• MATERIAL FOR THE TASK

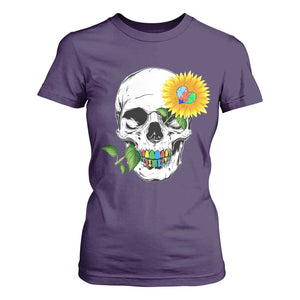 Autism Skull Sunflower T Shirt For Women Support Autistic Puzzle Pieces Heart TS02 Purple Print Your Wear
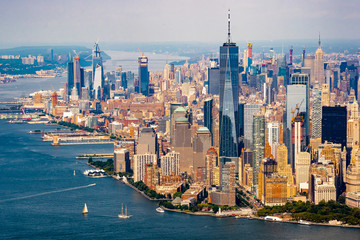 Obrazy na Szkle  Widok na panoramę Nowego Jorku z wycieczki helikopterem po Manhattanie w Nowym Jorku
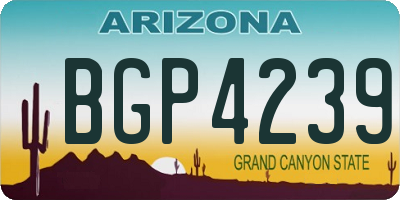 AZ license plate BGP4239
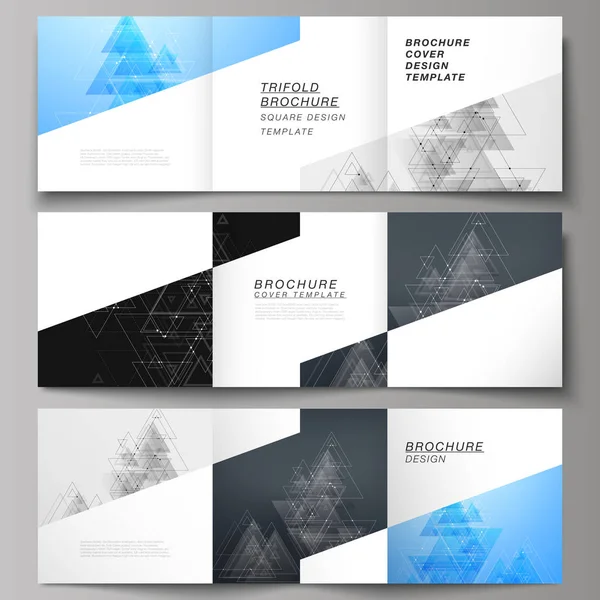 The minimal vector layout. Modern covers design templates for trifold square brochure or flyer. Polygonal background with triangles, connecting dots and lines. Connection structure. — Stock Vector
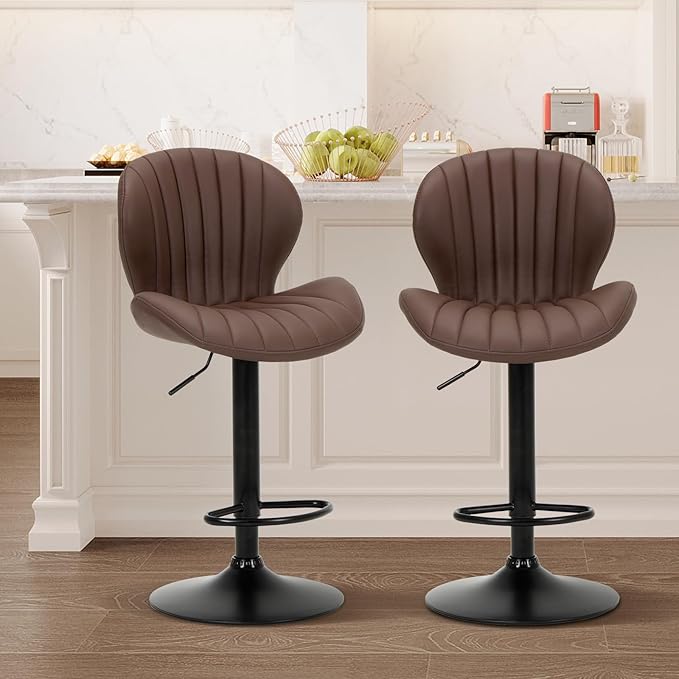 COLAMY Bar Stools Set of 2, Modern Swivel Bar Chairs, Adjustable Faux Leather...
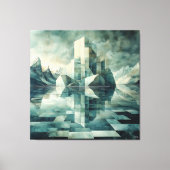 アイスベルグ付き幾何学的な北極景観 キャンバスプリント (正面)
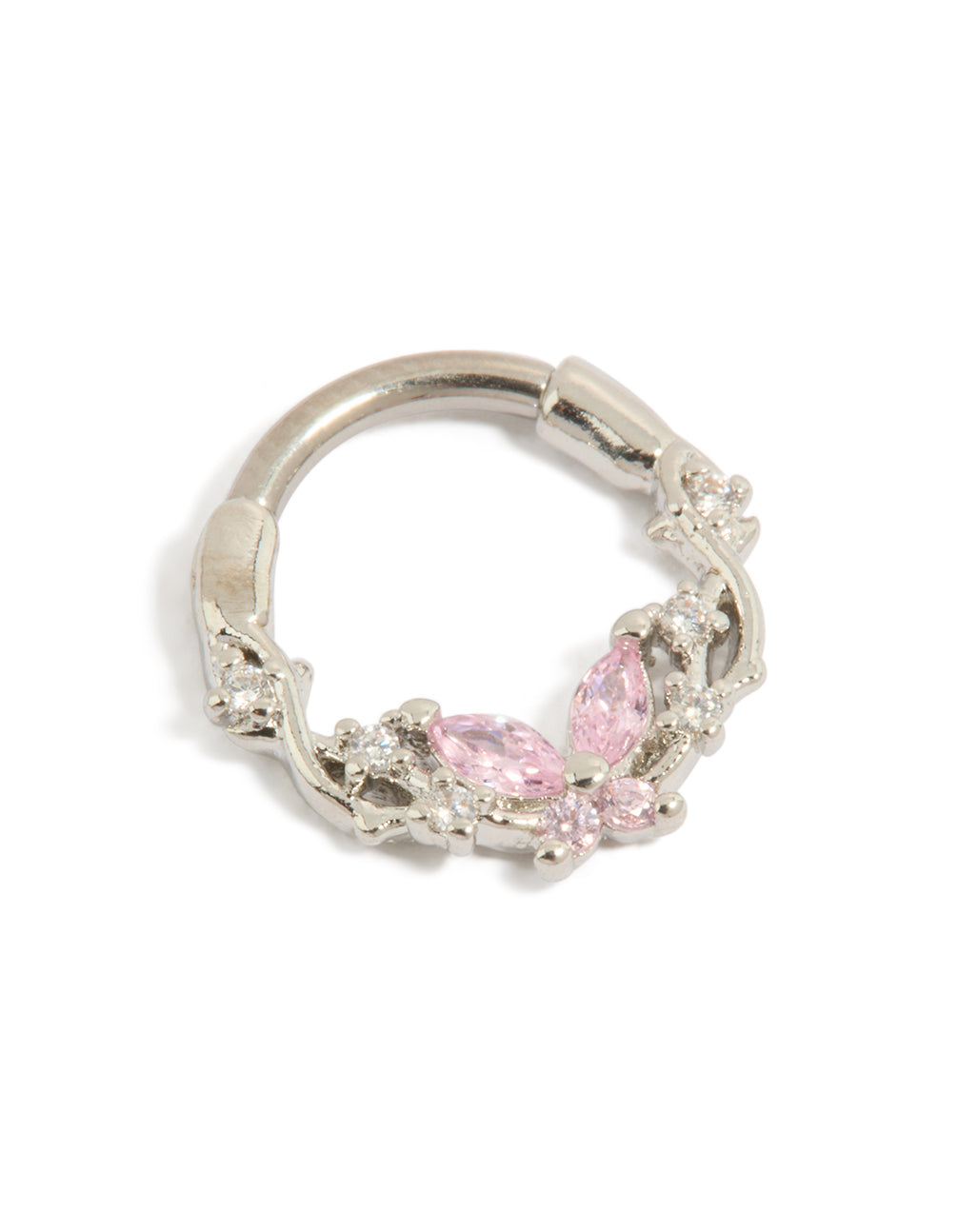 Showcasing a titanium pink cubic zirconia butterfly clicker ring with silver and light pink accents detail view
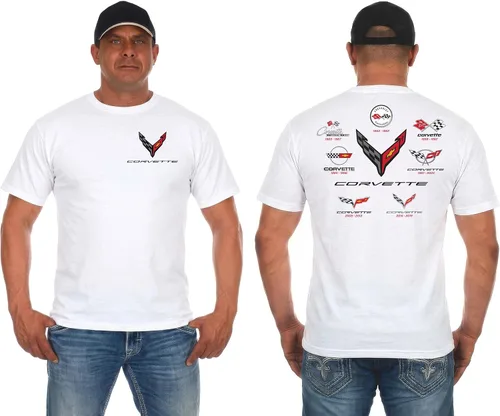 Vista 12 de JH DESIGN GROUP Camiseta de Corvette para Hombre C8 C7 C6 C5 C4 C3 C2 C1 Camisa de Collage Negro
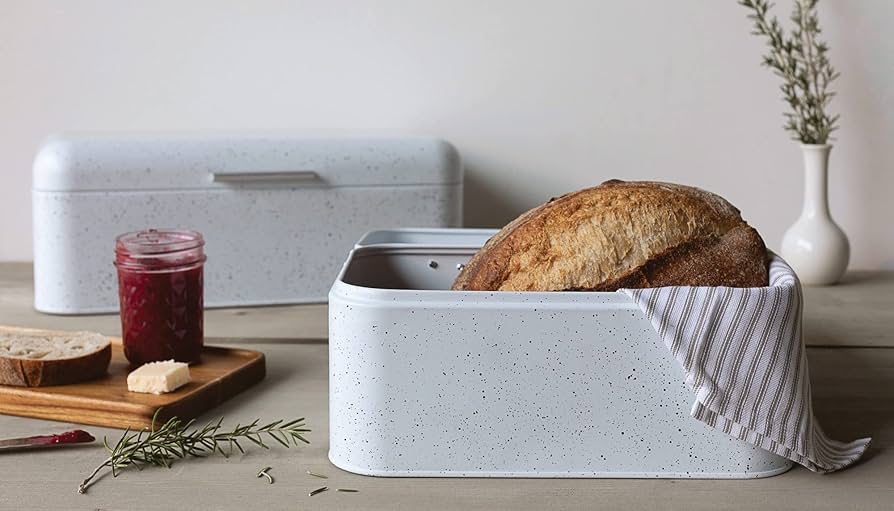 Amazon.com: Now Designs Metal Bread Storage Bin, White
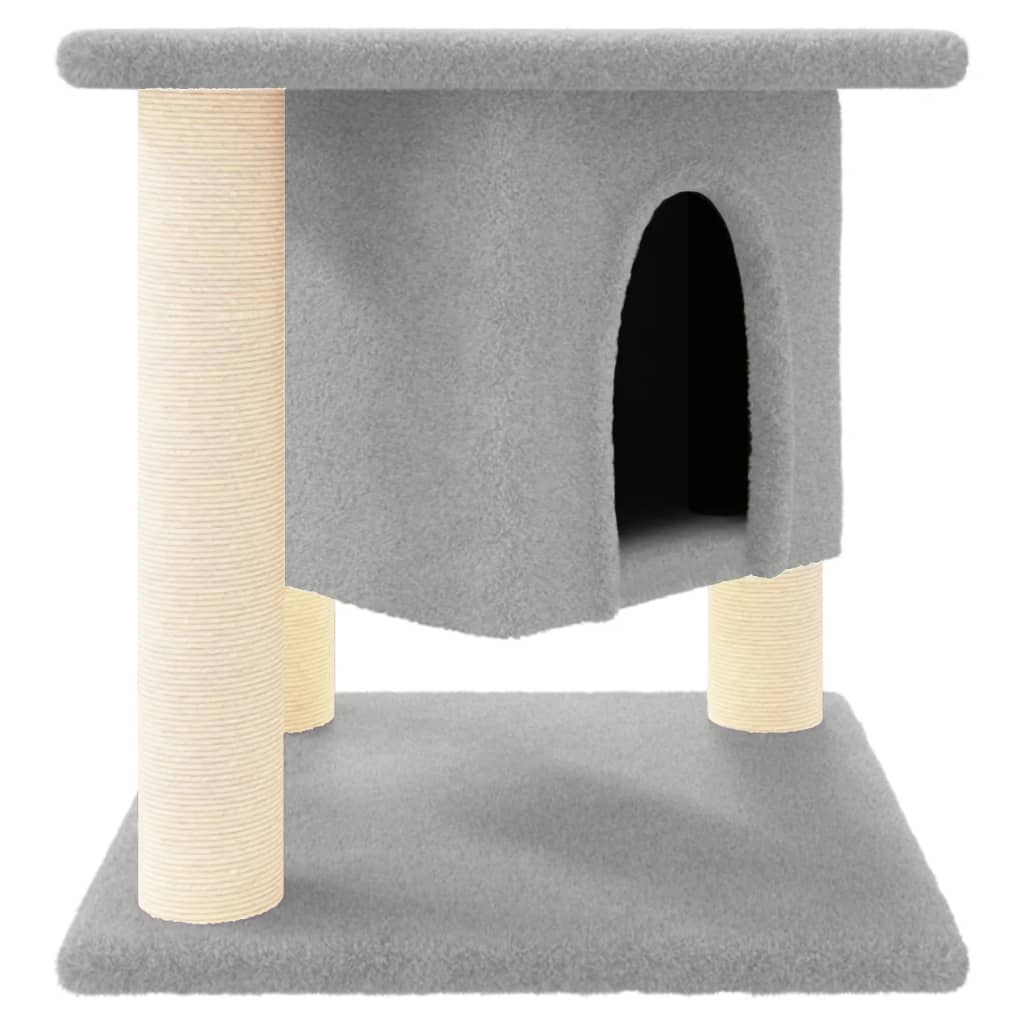Cat Tree with Sisal Scratching Posts Light Grey 37 cm-1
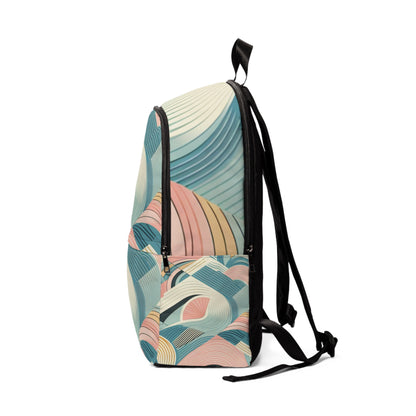Model wearing the chic Pastel Pattern Backpack by Dazzling Dreams Studio, demonstrating its stylish aesthetic suited for daily adventures.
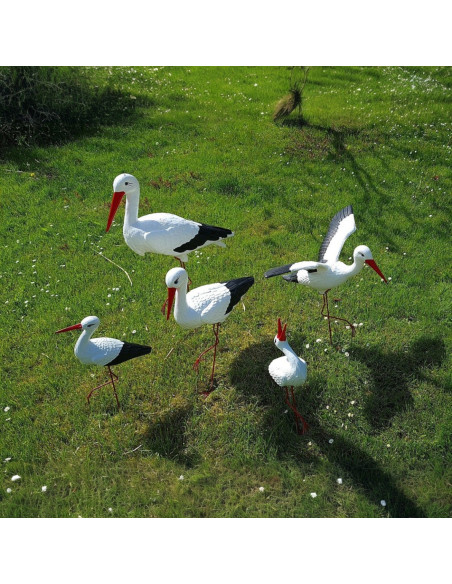 Figurine décorative Famille de 5 Cigones Cigogne de Jardin décoration extérieure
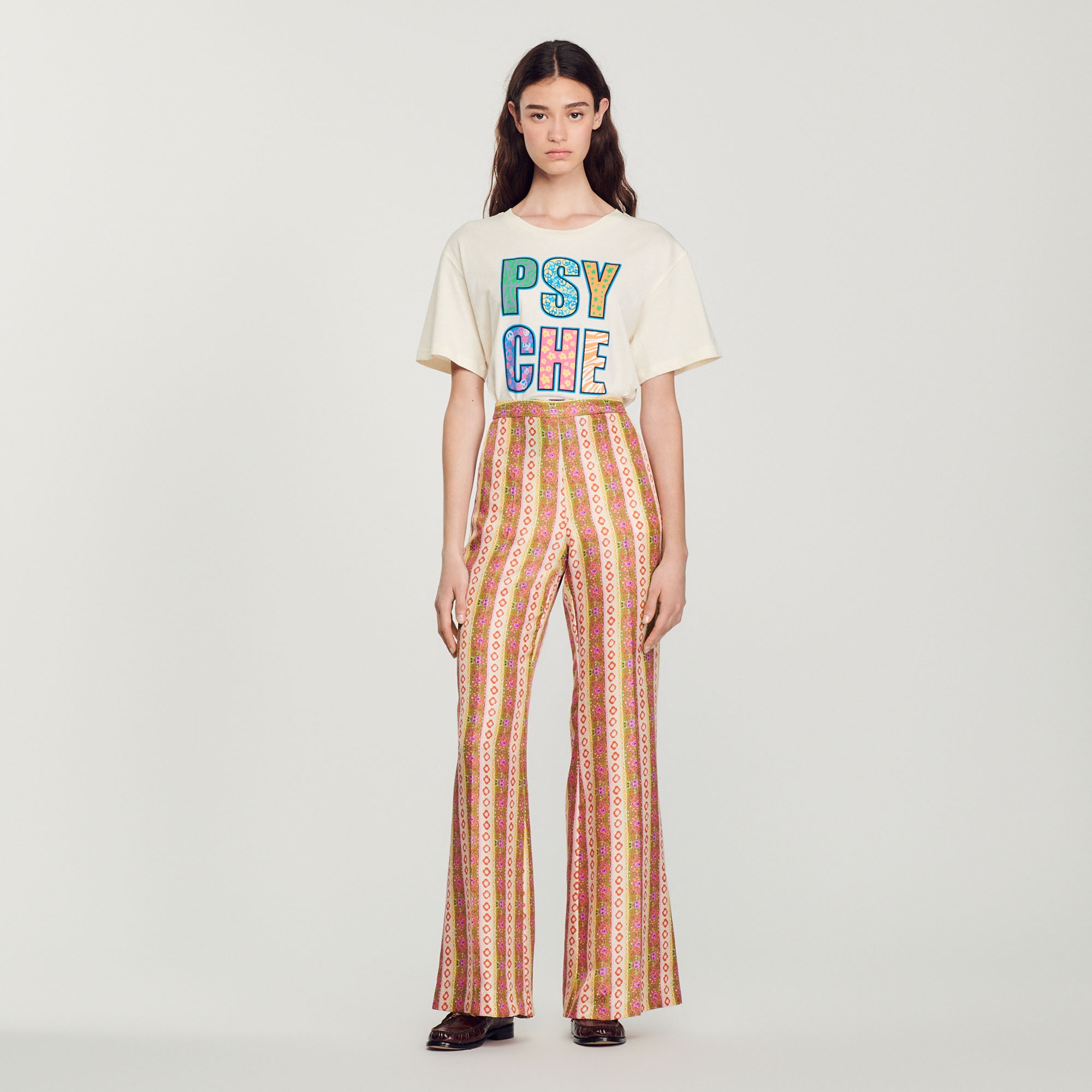 Wide-leg loose-fitting printed pants - 3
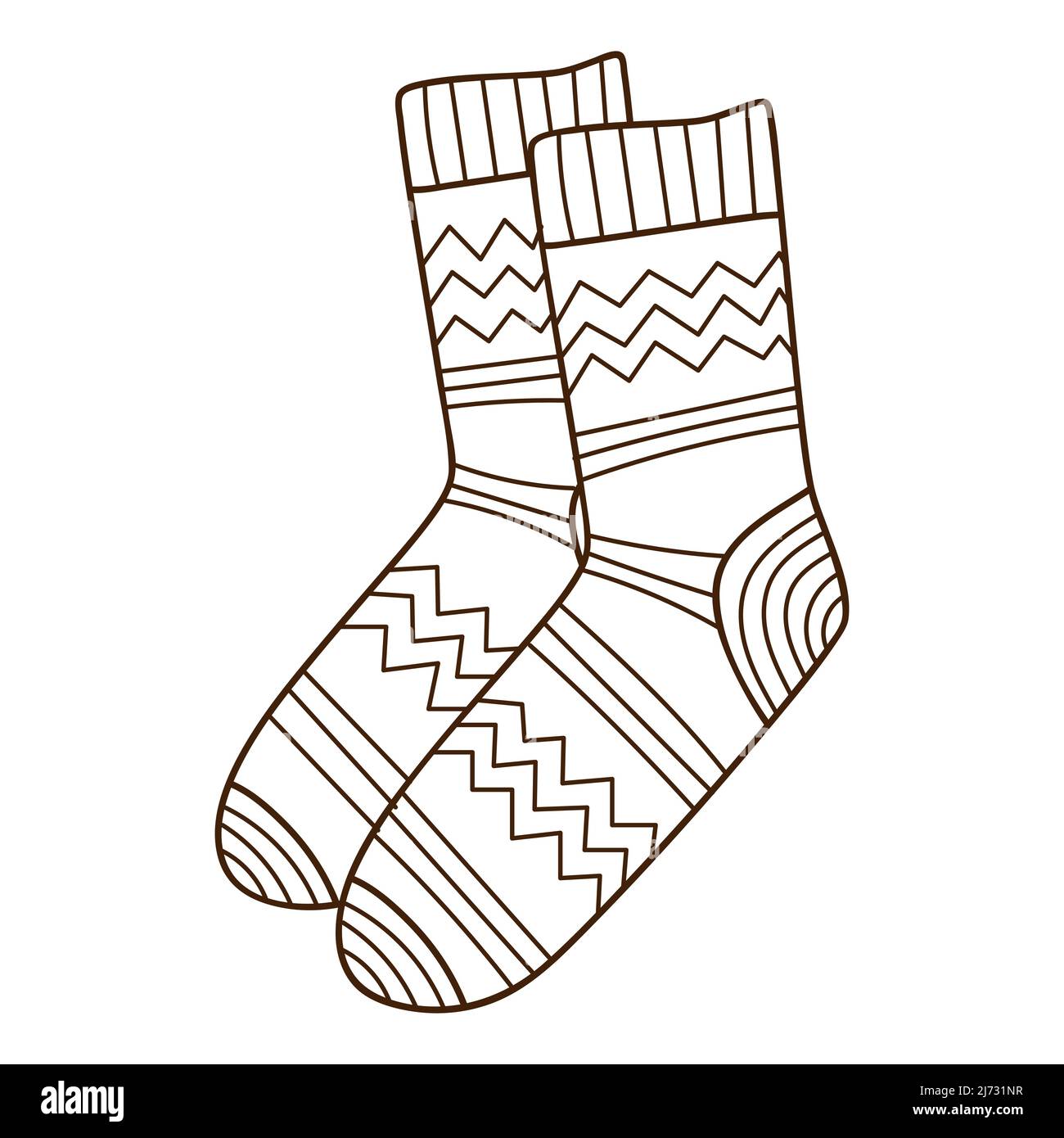 A pair of warm patterned socks. Autumn and winter clothing. Design element with outline. The theme of winter, autumn. Doodle, hand-drawn. Black white Stock Vector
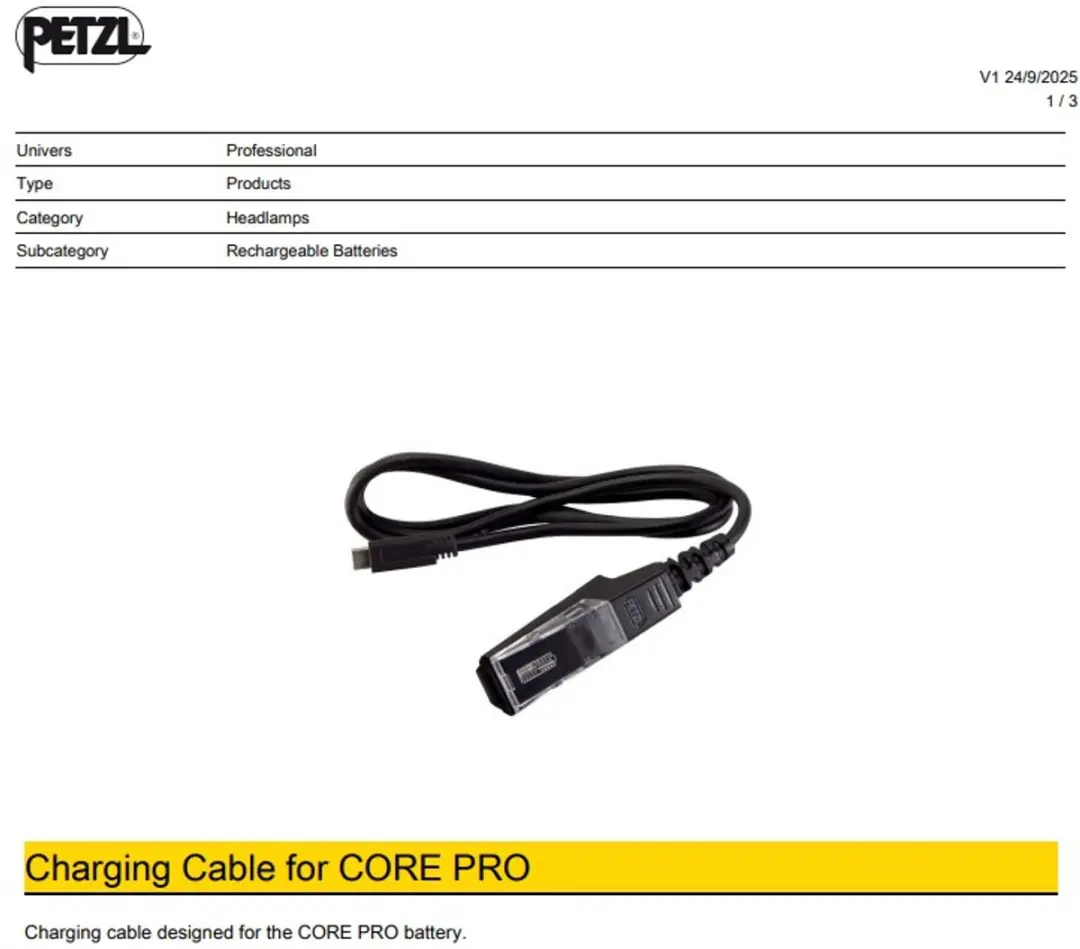 Petzl Core Pro Accu Oplaadkabel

• WHAT YOU NEED TO DO
From the line that contains "Figurine décorative Famille" through the last line of the listing, copy each line exactly; both end lines stay in, and pictures stay out.

• WORKED SOLUTION
 Figurine décorative Famille de 5 Cigones Cigogne de Jardin décoration extérieure
 Wide-leg loose-fitting printed pants - 3
 A pair of warm patterned socks. Autumn and winter clothing. Design element with outline. The theme of winter, autumn. Doodle, hand-drawn. Black white Stock Vector
 Petzl Core Pro Accu Oplaadkabel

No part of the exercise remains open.